WHAT TO PRODUCE: Would you count the lines in the entries below that contain "Piece"? Reply with the number only.

RECORDS FOR THE EXERCISE:
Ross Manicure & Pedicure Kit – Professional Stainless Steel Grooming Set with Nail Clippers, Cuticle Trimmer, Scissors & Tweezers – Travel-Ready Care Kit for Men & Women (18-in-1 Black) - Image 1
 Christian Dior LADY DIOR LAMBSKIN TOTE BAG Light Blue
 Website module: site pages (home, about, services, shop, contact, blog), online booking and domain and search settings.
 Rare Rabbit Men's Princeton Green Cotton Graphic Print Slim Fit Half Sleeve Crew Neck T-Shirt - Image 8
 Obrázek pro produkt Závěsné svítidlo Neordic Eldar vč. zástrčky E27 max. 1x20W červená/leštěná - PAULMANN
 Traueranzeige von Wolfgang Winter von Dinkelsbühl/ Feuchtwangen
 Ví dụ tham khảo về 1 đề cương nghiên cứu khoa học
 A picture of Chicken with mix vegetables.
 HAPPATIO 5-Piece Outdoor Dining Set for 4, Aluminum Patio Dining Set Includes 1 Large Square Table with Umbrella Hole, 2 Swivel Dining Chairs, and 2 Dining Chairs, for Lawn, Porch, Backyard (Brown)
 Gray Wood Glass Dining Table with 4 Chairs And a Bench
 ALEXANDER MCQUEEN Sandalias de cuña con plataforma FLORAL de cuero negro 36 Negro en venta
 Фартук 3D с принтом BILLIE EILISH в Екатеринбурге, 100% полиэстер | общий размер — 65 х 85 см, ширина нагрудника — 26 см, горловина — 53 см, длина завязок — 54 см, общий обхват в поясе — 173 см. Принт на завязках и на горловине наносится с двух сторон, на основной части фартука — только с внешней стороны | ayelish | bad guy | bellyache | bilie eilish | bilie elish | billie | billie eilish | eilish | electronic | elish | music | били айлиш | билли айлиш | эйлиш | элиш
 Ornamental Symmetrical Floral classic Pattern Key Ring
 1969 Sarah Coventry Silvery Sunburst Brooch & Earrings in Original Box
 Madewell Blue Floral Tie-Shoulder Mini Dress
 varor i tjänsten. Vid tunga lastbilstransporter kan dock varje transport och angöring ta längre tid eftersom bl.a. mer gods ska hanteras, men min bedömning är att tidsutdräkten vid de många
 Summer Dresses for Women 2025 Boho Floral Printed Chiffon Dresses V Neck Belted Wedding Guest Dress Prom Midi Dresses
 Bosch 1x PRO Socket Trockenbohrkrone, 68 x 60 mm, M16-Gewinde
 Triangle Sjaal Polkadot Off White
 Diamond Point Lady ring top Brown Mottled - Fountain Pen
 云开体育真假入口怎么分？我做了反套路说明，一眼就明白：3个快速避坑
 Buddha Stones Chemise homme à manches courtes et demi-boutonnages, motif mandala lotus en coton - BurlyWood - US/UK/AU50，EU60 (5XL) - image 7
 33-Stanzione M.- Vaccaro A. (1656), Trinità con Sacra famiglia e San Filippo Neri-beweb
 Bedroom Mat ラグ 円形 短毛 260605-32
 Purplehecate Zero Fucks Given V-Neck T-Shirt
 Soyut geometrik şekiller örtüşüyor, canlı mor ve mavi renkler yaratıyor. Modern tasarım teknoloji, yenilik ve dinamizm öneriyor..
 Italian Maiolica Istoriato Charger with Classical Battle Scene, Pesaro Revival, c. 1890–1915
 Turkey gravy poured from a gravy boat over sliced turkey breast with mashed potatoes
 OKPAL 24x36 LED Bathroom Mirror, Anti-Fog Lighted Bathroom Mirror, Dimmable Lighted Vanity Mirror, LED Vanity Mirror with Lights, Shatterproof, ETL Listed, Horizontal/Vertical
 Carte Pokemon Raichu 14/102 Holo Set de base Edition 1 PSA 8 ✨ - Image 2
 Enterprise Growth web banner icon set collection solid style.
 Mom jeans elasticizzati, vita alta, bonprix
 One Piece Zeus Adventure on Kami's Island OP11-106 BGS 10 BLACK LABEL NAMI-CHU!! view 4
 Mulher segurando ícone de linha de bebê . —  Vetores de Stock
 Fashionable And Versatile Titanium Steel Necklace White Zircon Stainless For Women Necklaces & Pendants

RESPONSE TO THE TASK: 2